Today the chancellor introduced the new help-to-buy ISA during his budget speech. This new scheme has raised a lot of eyebrows as rather than increasing supply for housing (which is badly needed), it will increase demand (and consequently prices will go up). But the debate on whether this new scheme will bring more good than bad is for another day.
Here, I will explain the help-to-buy ISA in the most simplistic of terms:
In short: If you are a first time buyer, you can save up to £200 a month towards your first home with a help to buy ISA and the government will boost your savings by 25%. That’s a £50 bonus for every £200 you save. The maximum bonus you can receive is £3000.
- New accounts will be available for 4 years, but once you have opened an account there is no limit to how much you can save for.

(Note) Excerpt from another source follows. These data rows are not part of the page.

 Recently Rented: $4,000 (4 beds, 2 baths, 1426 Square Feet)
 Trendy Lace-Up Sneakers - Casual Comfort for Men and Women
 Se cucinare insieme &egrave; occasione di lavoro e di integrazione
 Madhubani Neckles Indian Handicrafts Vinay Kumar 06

- Accounts will be available from banks and building societies from Autumn 2015.
- You can make an initial deposit of £1,000 when you open the account – in addition to normal monthly savings of £200.

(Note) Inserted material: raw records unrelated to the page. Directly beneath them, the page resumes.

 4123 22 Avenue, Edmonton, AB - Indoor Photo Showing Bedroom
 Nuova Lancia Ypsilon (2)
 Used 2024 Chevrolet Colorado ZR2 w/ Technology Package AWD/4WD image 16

- There is no minimum monthly deposit – but the maximum amount is £200 a month.
- Accounts are limited to one per person rather than one per home – so those buying together can both receive a bonus. So if you are buying a house with your partner, you can get up to £6,000 off.

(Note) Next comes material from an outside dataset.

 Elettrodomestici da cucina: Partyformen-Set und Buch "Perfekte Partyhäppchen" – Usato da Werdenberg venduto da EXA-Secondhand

- Only available to individuals who are 16 and over.
- The bonus is available to first time buyers purchasing UK properties.
- Minimum bonus size of £400 per person.
- Maximum bonus size of £3,000 per person.
- The bonus will be available on home purchases of up to £450,000 in London and up to £250,000 outside London.
- The bonus will be paid when you buy your first home.
- According to research by BNP Paribas, using Help to Buy ISA could take 1st time buyers 8 years to save a deposit on an average priced house.
Essentially, if you save £12,000, the government bonus will boost your total savings to £15,000.